In realtà, ribatte Friedman, «il titolo di maggiori “foraggiatori dell’islam radicale” non spetta agli iraniani. Neanche lontanamente. Spetta al nostro alleato putativo, l’Arabia Saudita».
Infatti, prosegue il cronista, «nulla è stato più deleterio per la stabilità e la modernizzazione del mondo arabo dei miliardi e miliardi di dollari che i sauditi hanno investito a partire dagli anni 70 per spazzare via il pluralismo dell’islam – i sufi, i sunniti moderati, gli sciiti – promosso dall’establishement religioso saudita».
Ricordando quindi come l’Arabia Saudita sia «alleata degli Stati Uniti su molti temi», scrive che Washington non li ha «mai chiamati a renderne conto, perché siamo drogati del loro petrolio, e i drogati non dicono mai la verità ai loro spacciatori».
Titolo articolo: Sono i sauditi il vero pericolo non Teheran.
Nota a margine. Ineccepibile analisi, anche se forse, almeno riguardo al passato, sarebbero da approfondire le divisioni interne che hanno travagliato la monarchia saudita.

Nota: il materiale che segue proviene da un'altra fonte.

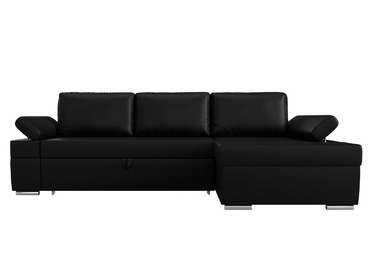 Угловой диван-кровать Канкун черного цвета правый угол (экокожа)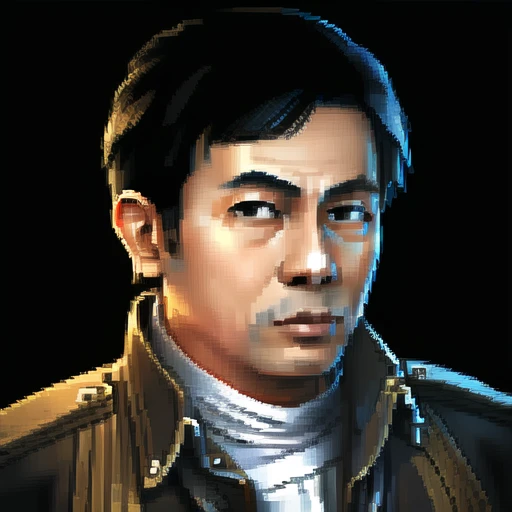 , (masterpiece:1.3), ((best_quality)), (absurdres), 1boy, portrait, simple_background, black_background, <lora:starsector portraits original:0.5>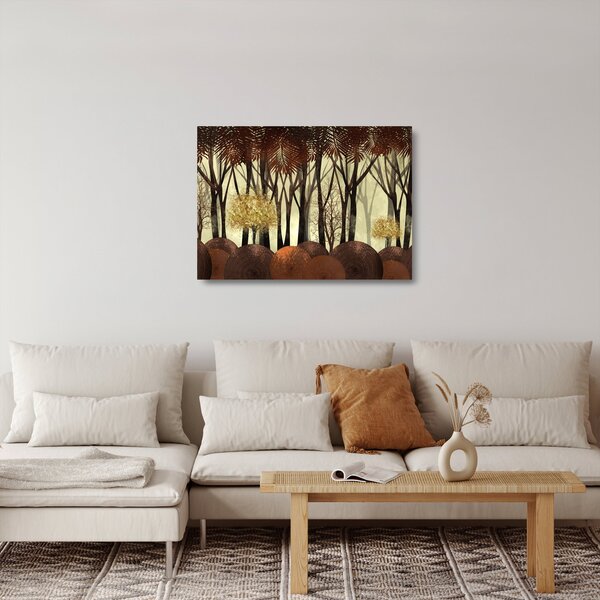 Staklena slika - Dekorativna šuma (70x50 cm)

Resta che se i sauditi hanno fatto e fanno quel che scrive Friedman (anche se non sono gli unici, basti pensare al Qatar) è perché ciò gli è stato permesso anzi è stato incoraggiato. Perché il processo di esportazione del «puritanesimo islamico» (ancora Friedman) di stampo wahabita ha incontrato l’interessato consenso di quanti, in Occidente e altrove, hanno immaginato e operato per un cambiamento geopolitico all’interno del mondo islamico. Esemplare in tal senso la guerra siriana.